A 401(k) plan is a retirement plan offered to you through your employer. 401(k)s are the most common kind of defined contribution retirement plan.
Here's how it works: You decide how much you want to contribute, and your employer puts the money into your individual account on your behalf. The investment happens through payroll deduction: You decide what percentage of your salary you'd like to contribute and, from then on, that amount comes straight out of your paycheck and goes into your account automatically, without you having to lift a finger. Your paycheck will be smaller as a result - though not as small as you might think, thanks to the tax benefits involved.

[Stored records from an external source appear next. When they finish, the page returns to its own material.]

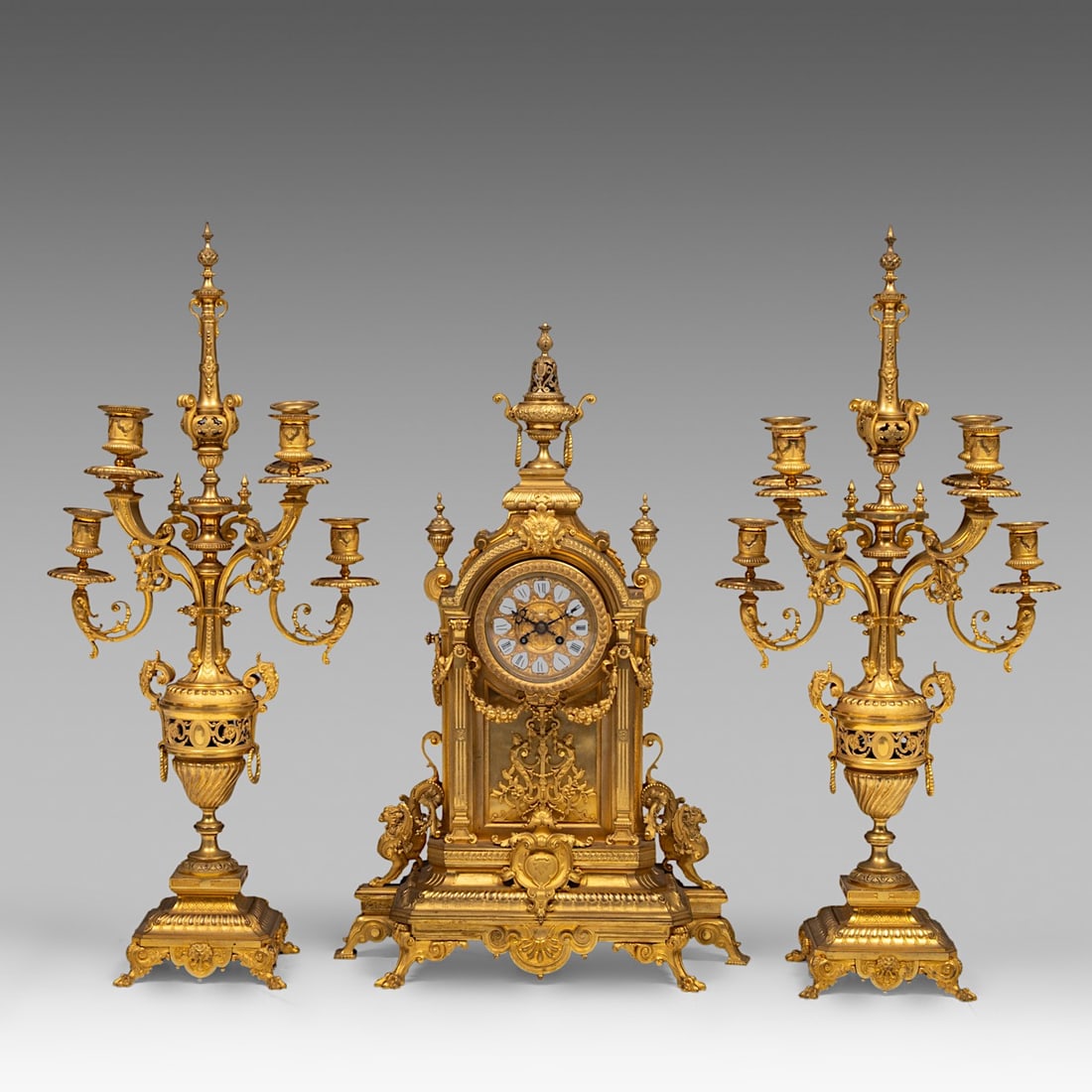 A Napoleon III gilt bronze three-piece mantle clock set, H 70 - 80 cm (1 of 5)
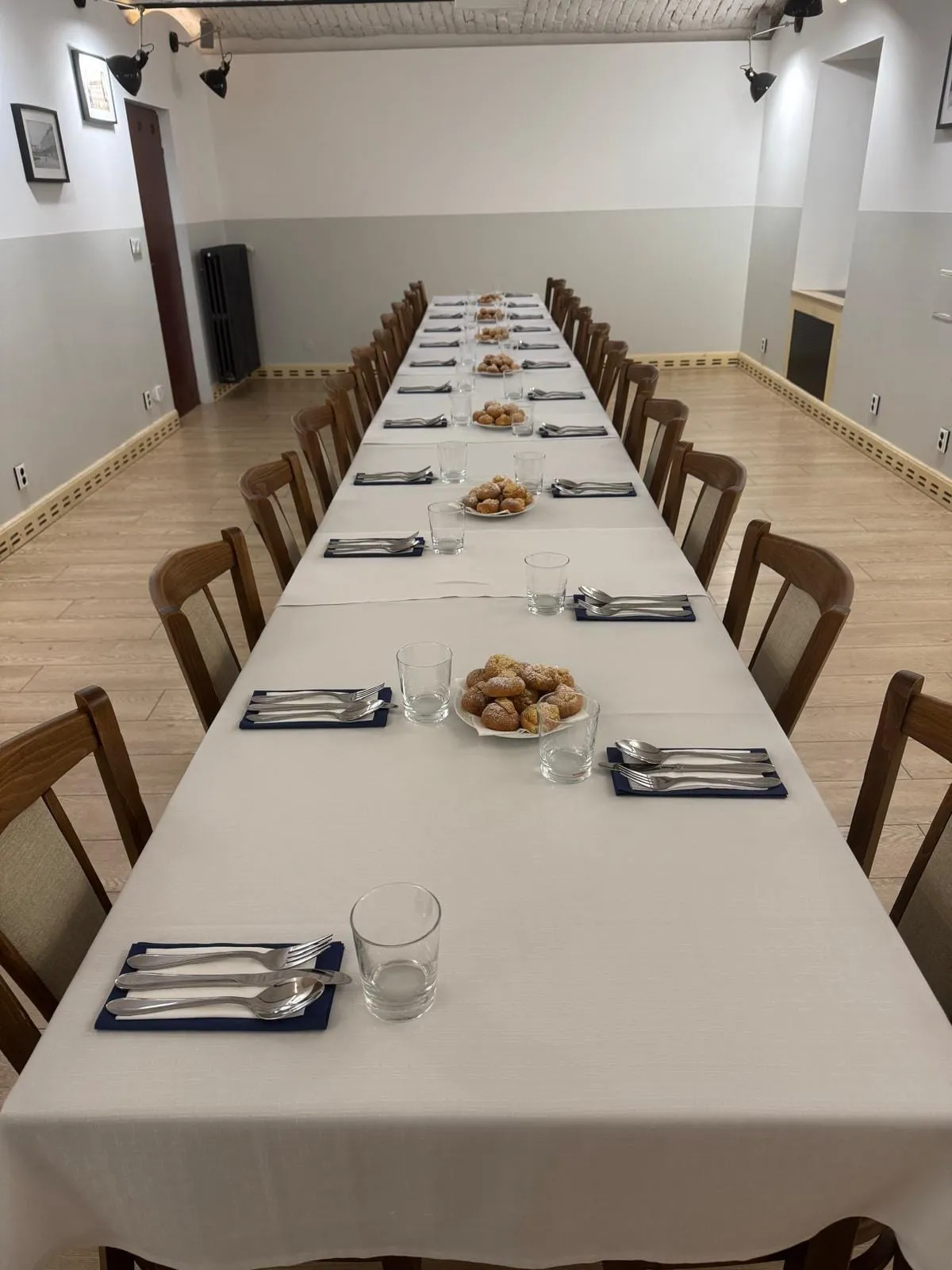 Sál s dlouhou prostřenou tabulí pod klenutým stropem, coffee break s koblihami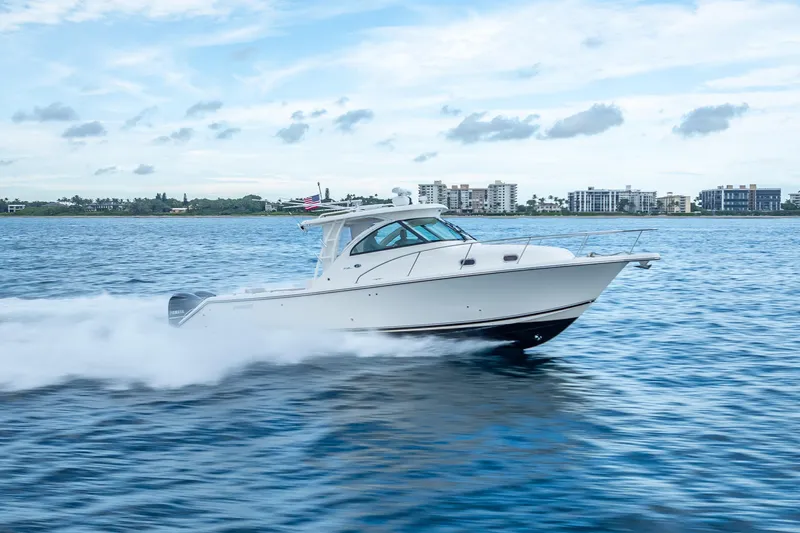 "seven C's" Yacht Photos Pics 2011 Pursuit OS 345 Offshore boat cruising on open water, cityscape in background.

Your company serves as the "plan sponsor" for the 401(k), but it doesn't have anything to do with investing the money. Instead, the plan sponsor hires another company to administer the plan and its investments. The plan administrator may be a mutual fund company (such as Fidelity, Vanguard or T. Rowe Price), a brokerage firm (such as Schwab or Merrill Lynch) or even an insurance company (such as Prudential or MetLife).
Your employer sends your payroll deductions directly to the company managing your plan. But you are responsible for deciding how to invest your money among the options offered by your plan. Typically, a 401(k) offers five or more mutual funds that invest in various sectors of the financial markets. Some 401(k) plans also offer shares of your employer's stock.